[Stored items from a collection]
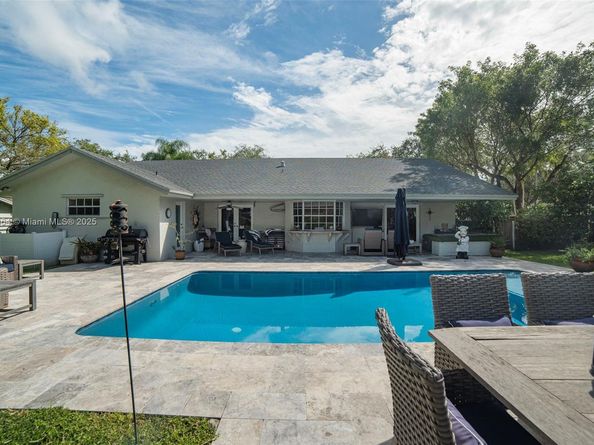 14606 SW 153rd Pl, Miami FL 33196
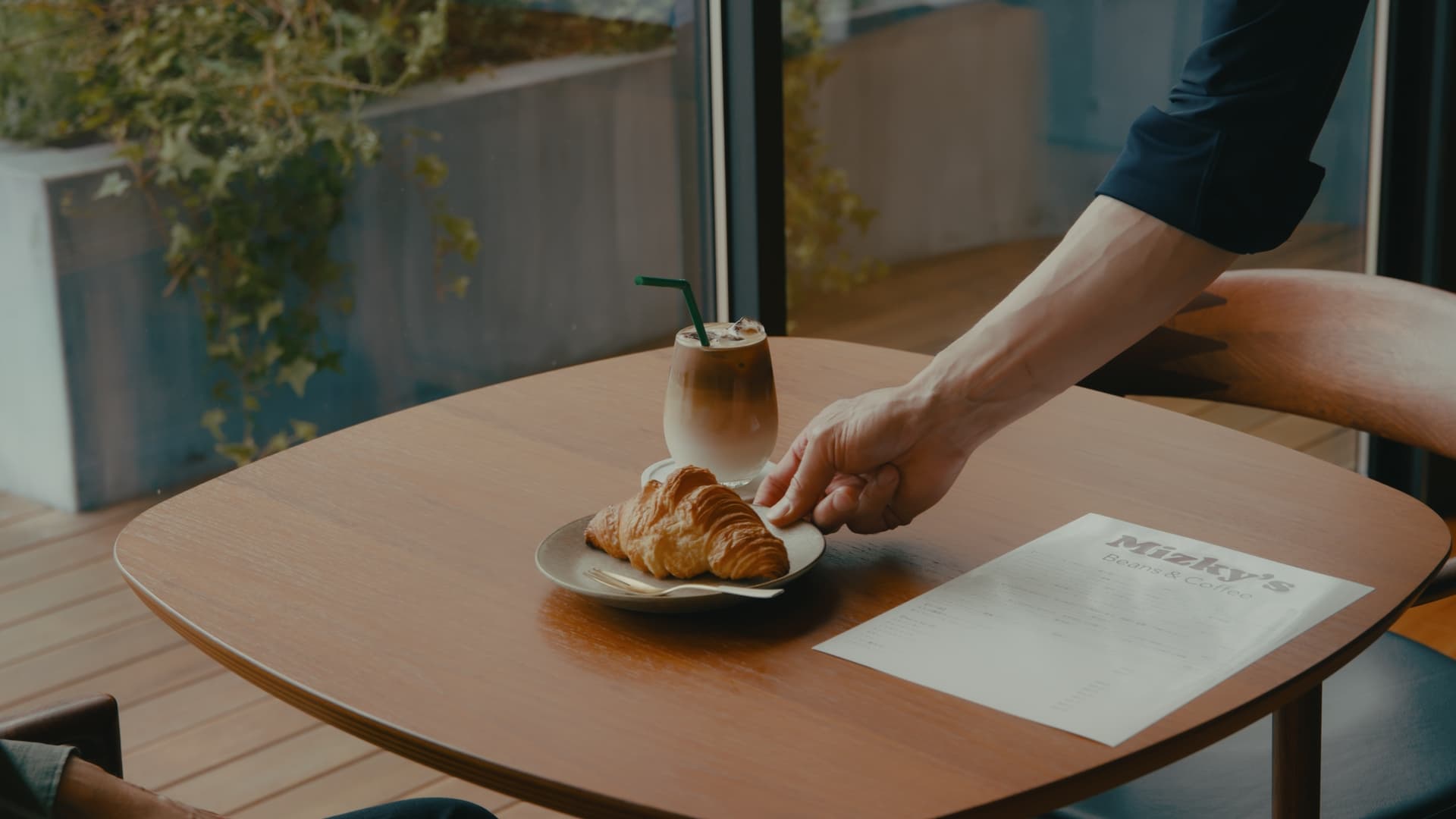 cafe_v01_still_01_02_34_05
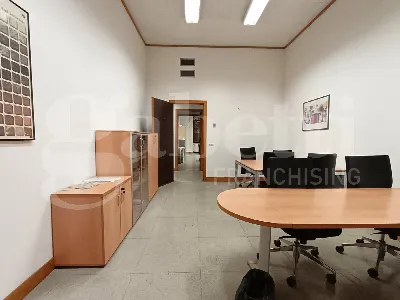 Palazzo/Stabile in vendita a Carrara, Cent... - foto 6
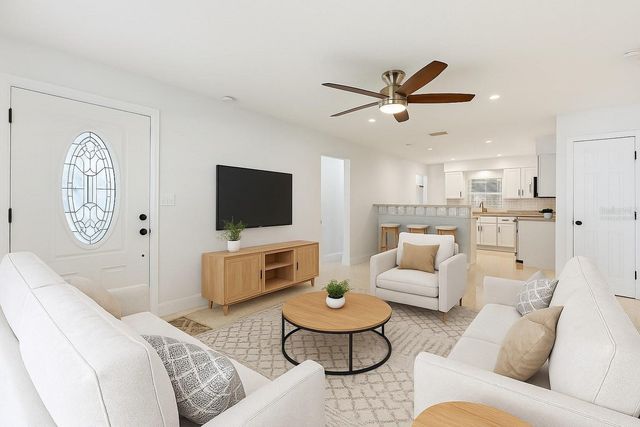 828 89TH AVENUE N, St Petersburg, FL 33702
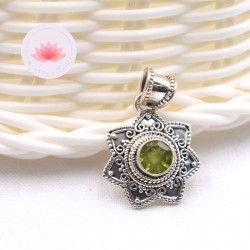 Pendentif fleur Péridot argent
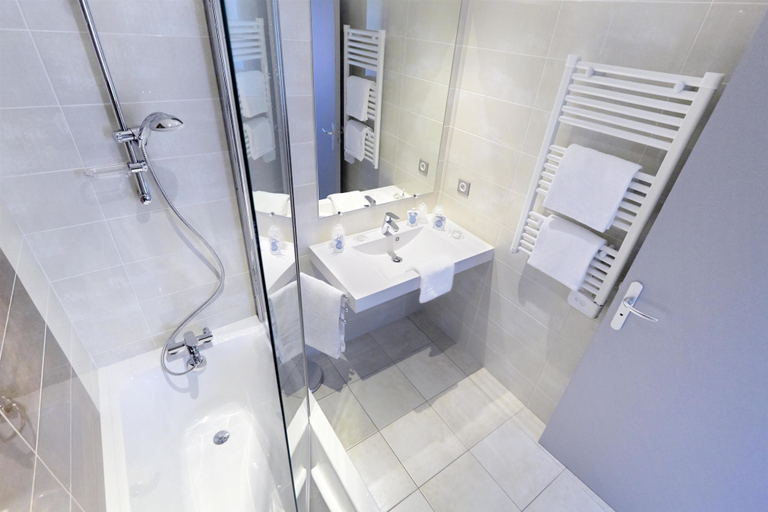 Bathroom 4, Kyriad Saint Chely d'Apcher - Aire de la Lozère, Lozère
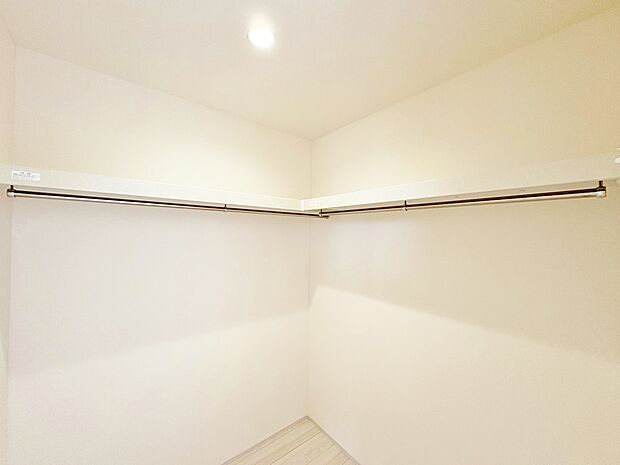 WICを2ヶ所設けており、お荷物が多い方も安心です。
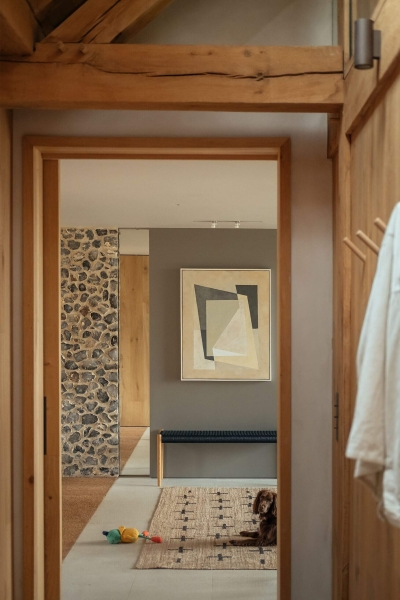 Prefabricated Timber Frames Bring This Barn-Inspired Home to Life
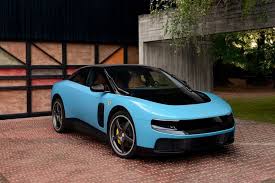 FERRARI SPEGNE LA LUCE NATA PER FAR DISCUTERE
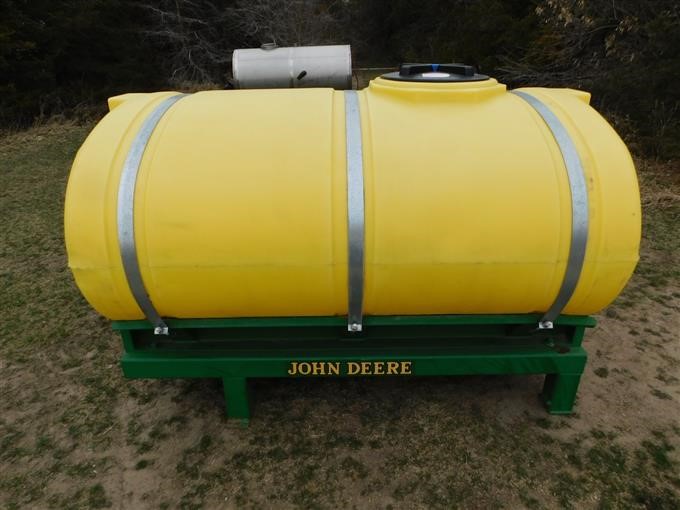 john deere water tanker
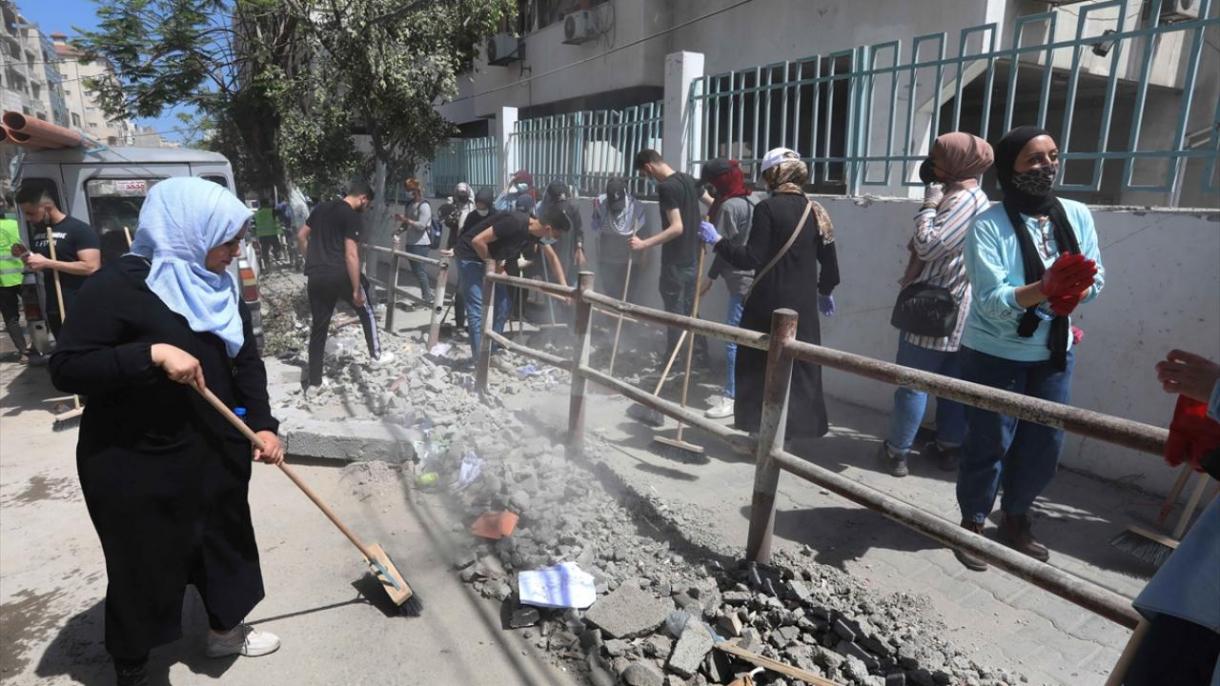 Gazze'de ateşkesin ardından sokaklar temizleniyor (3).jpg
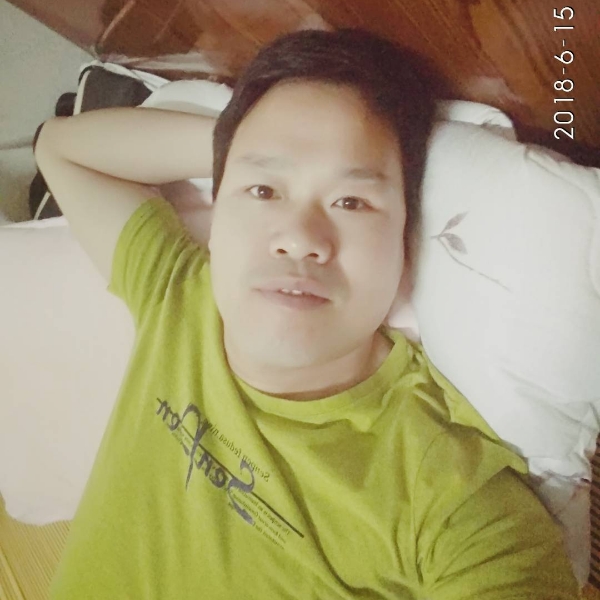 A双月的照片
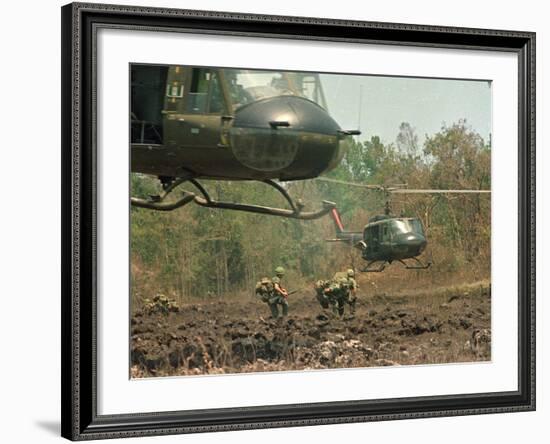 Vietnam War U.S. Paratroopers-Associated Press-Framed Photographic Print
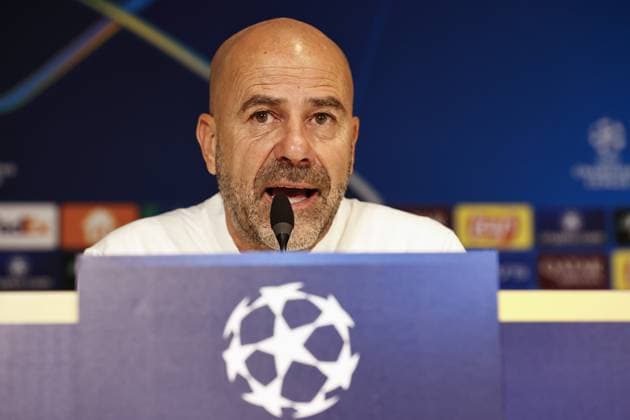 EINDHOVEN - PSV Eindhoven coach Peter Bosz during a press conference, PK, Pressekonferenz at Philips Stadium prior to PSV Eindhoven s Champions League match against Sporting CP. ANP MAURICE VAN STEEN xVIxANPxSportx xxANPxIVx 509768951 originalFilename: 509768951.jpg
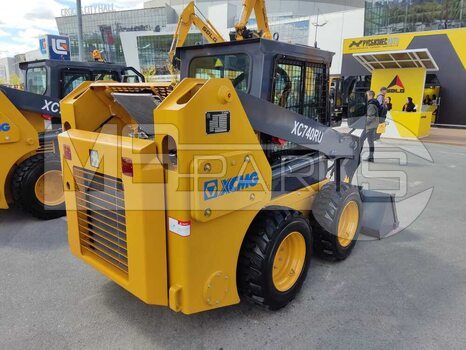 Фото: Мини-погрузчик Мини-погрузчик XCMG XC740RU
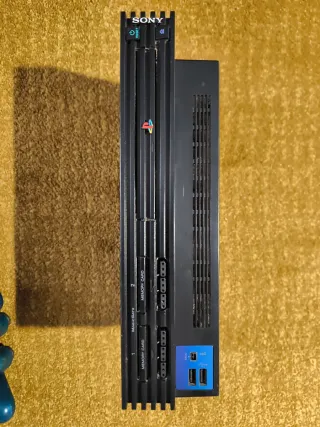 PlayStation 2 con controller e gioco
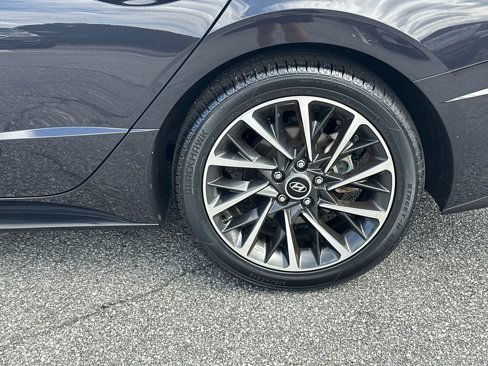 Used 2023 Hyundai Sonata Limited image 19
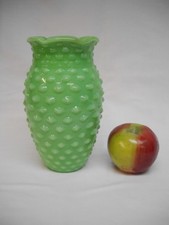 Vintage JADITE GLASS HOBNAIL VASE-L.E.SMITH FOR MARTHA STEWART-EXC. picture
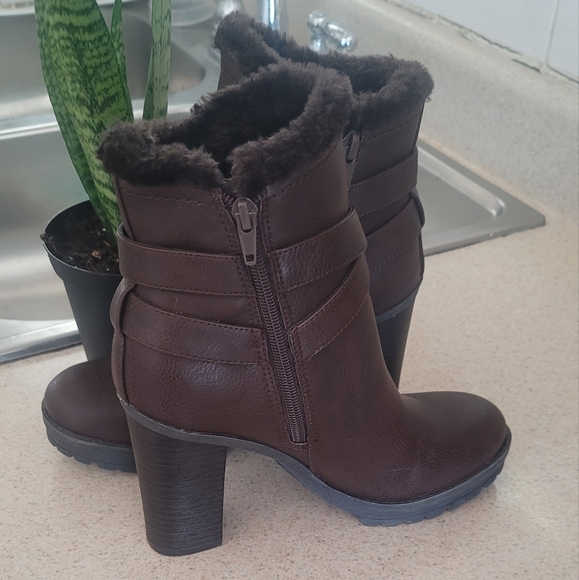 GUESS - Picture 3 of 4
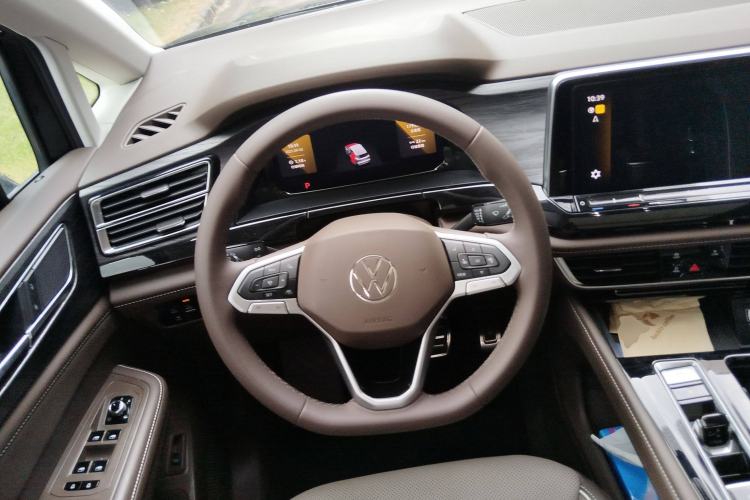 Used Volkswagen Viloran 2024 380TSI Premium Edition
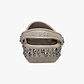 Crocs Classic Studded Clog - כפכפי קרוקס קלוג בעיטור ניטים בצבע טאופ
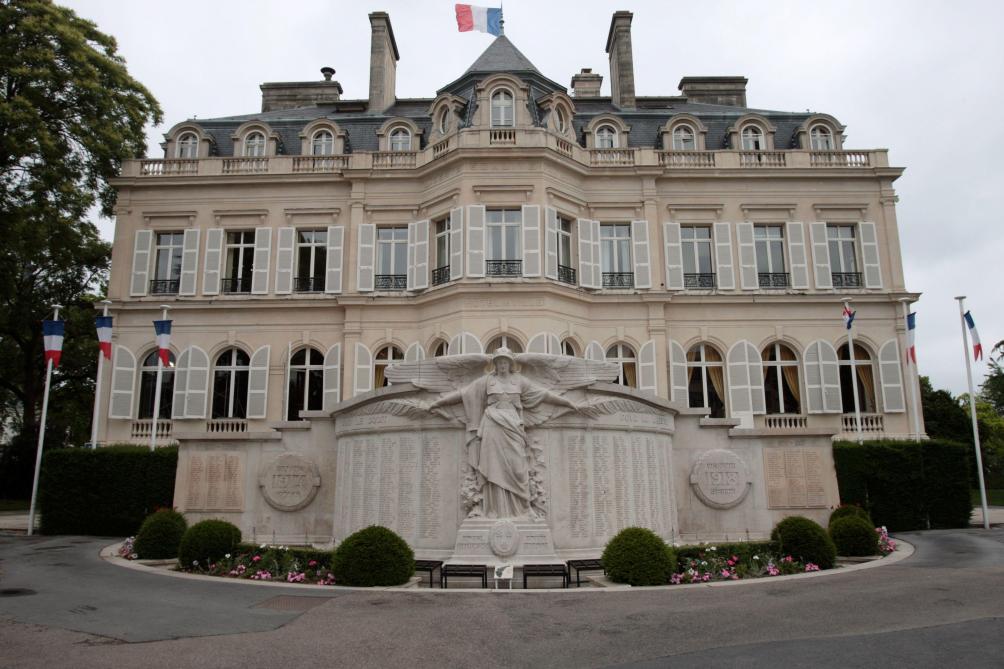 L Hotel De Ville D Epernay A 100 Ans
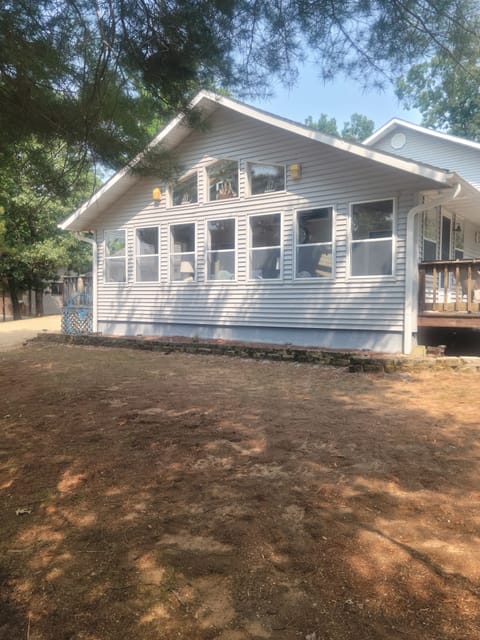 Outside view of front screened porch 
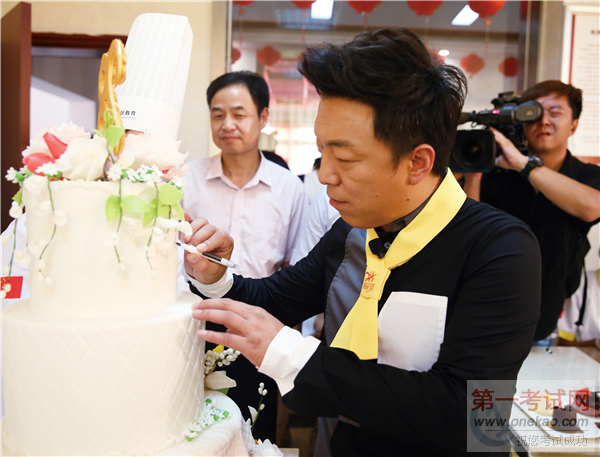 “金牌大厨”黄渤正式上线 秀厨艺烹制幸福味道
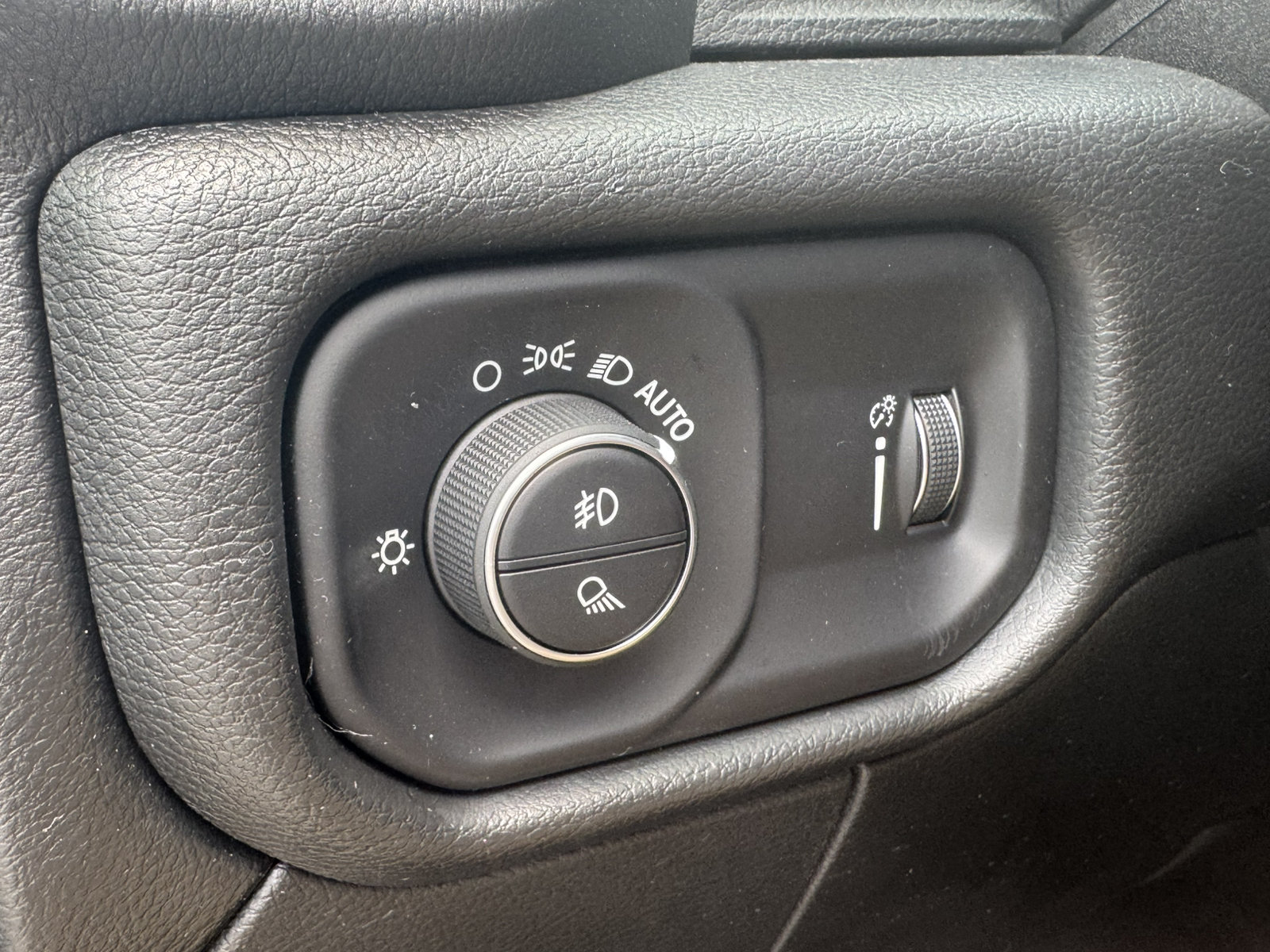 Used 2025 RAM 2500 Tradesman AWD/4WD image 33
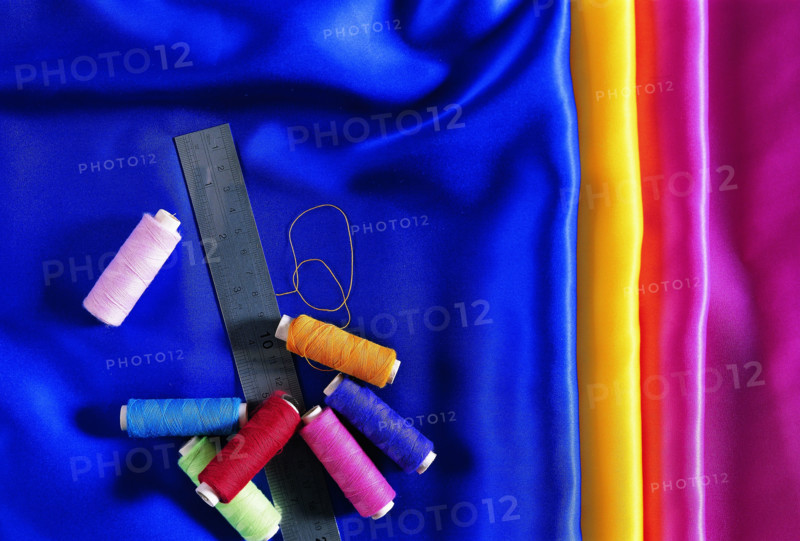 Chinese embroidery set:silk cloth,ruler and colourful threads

▶ **PROBLEM DESCRIPTION**:
Beginning at the line that contains "Vintage JADITE GLASS" and ending at the last line of the data, return each line exactly; no picture belongs in the copy.

▶ **ANSWER FOR THE TASK**:
 Vintage JADITE GLASS HOBNAIL VASE-L.E.SMITH FOR MARTHA STEWART-EXC. picture
 GUESS - Picture 3 of 4
 Used Volkswagen Viloran 2024 380TSI Premium Edition
 Crocs Classic Studded Clog - כפכפי קרוקס קלוג בעיטור ניטים בצבע טאופ
 L Hotel De Ville D Epernay A 100 Ans
 Outside view of front screened porch 
 “金牌大厨”黄渤正式上线 秀厨艺烹制幸福味道
 Used 2025 RAM 2500 Tradesman AWD/4WD image 33
 Chinese embroidery set:silk cloth,ruler and colourful threads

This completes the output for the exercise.